**TASK TO COMPLETE**
Your copy should match the records below exactly, except for the pictures.

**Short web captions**

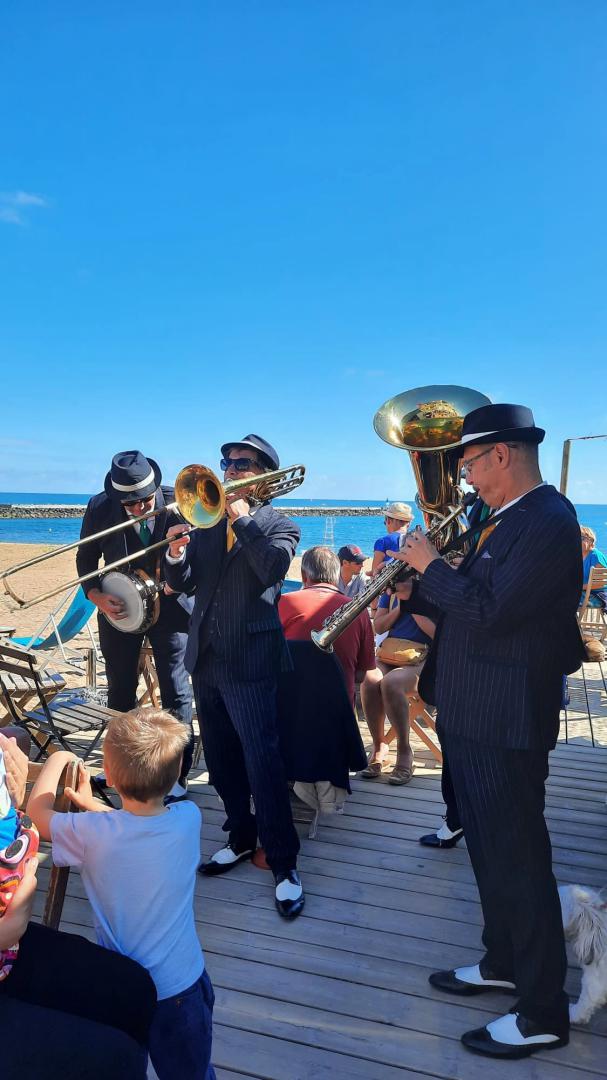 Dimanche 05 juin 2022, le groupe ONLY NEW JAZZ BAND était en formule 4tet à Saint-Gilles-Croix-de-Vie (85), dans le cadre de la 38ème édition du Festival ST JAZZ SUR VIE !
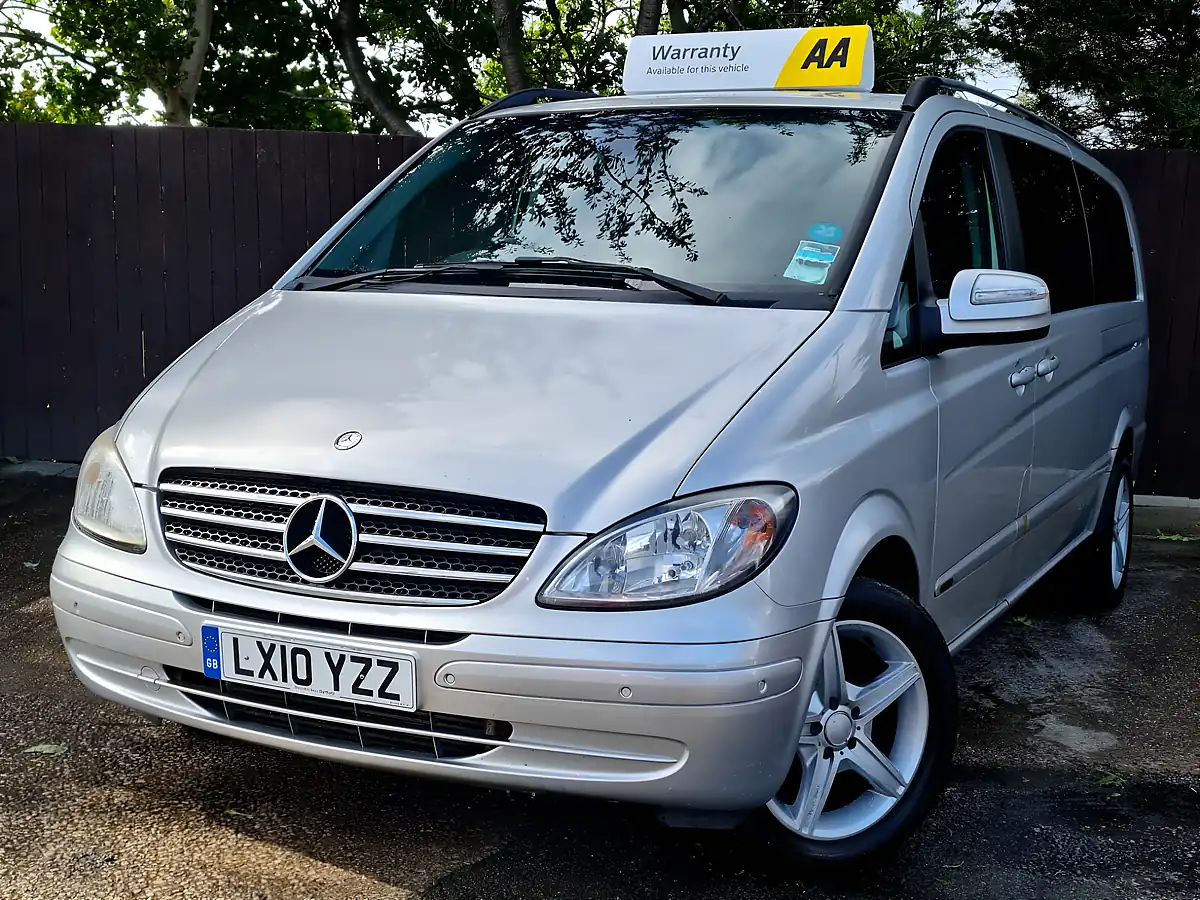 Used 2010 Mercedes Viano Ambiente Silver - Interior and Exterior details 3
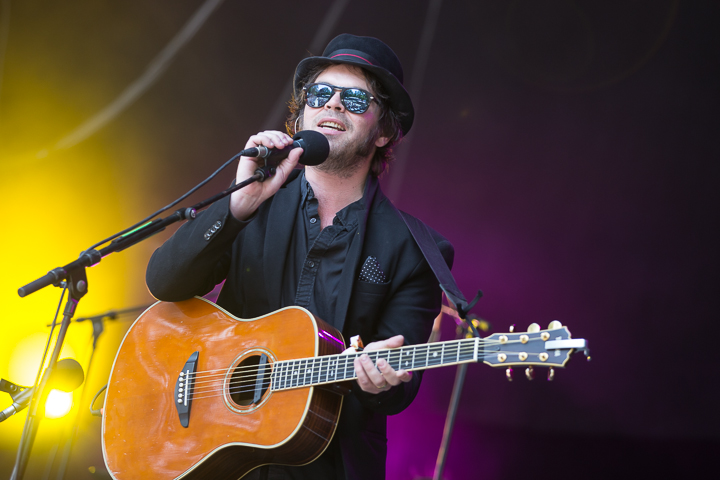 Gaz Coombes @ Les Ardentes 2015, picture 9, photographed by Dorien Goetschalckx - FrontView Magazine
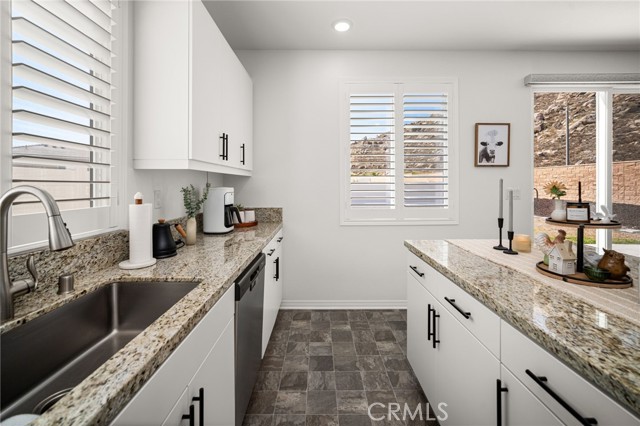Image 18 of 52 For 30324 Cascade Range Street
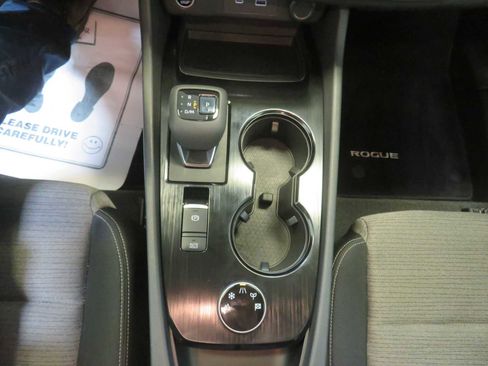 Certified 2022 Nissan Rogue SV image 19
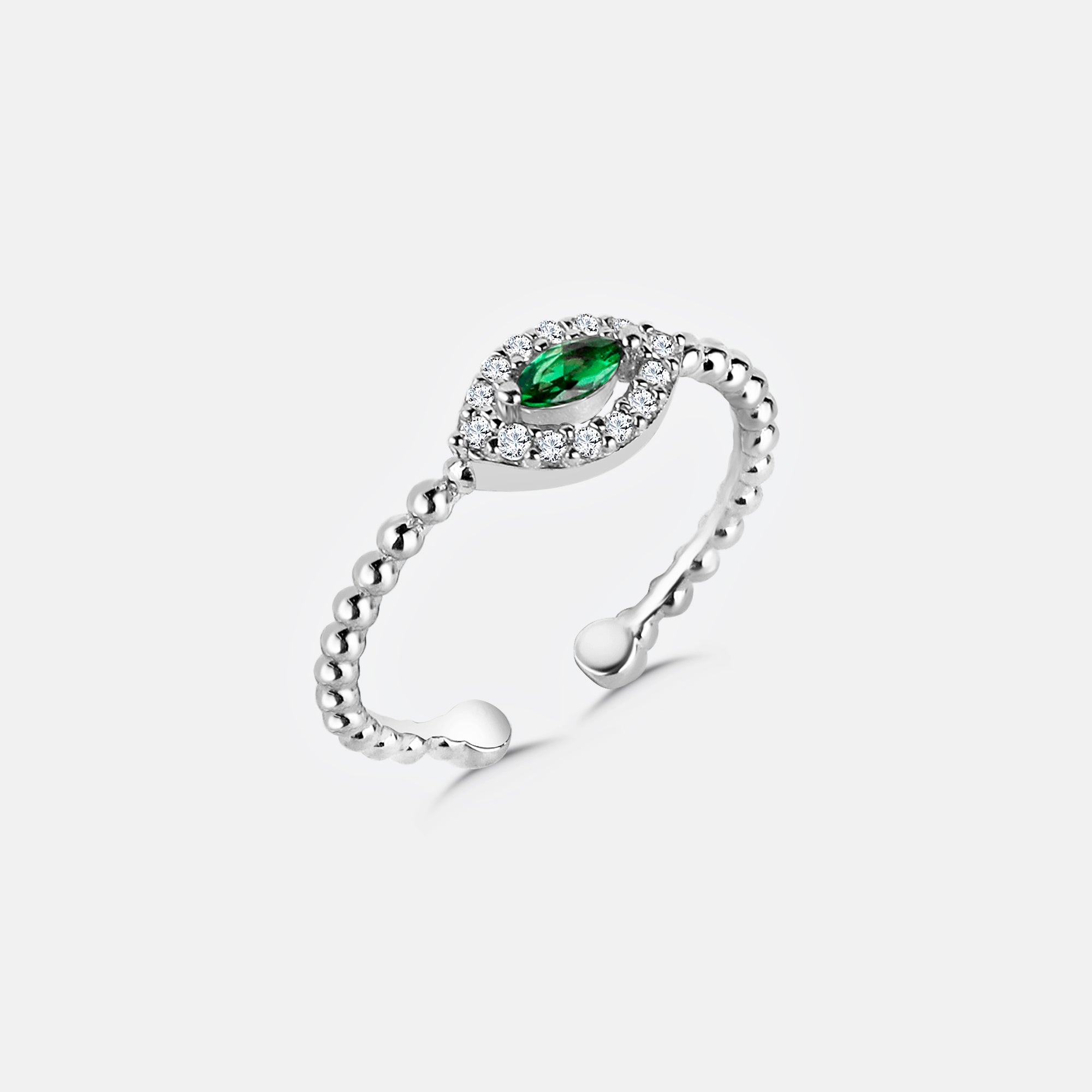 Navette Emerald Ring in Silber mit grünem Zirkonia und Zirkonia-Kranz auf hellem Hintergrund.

**SOLUTION TO THE EXERCISE**
 Dimanche 05 juin 2022, le groupe ONLY NEW JAZZ BAND était en formule 4tet à Saint-Gilles-Croix-de-Vie (85), dans le cadre de la 38ème édition du Festival ST JAZZ SUR VIE !
 Used 2010 Mercedes Viano Ambiente Silver - Interior and Exterior details 3
 Gaz Coombes @ Les Ardentes 2015, picture 9, photographed by Dorien Goetschalckx - FrontView Magazine
Image 18 of 52 For 30324 Cascade Range Street
 Certified 2022 Nissan Rogue SV image 19
 Navette Emerald Ring in Silber mit grünem Zirkonia und Zirkonia-Kranz auf hellem Hintergrund.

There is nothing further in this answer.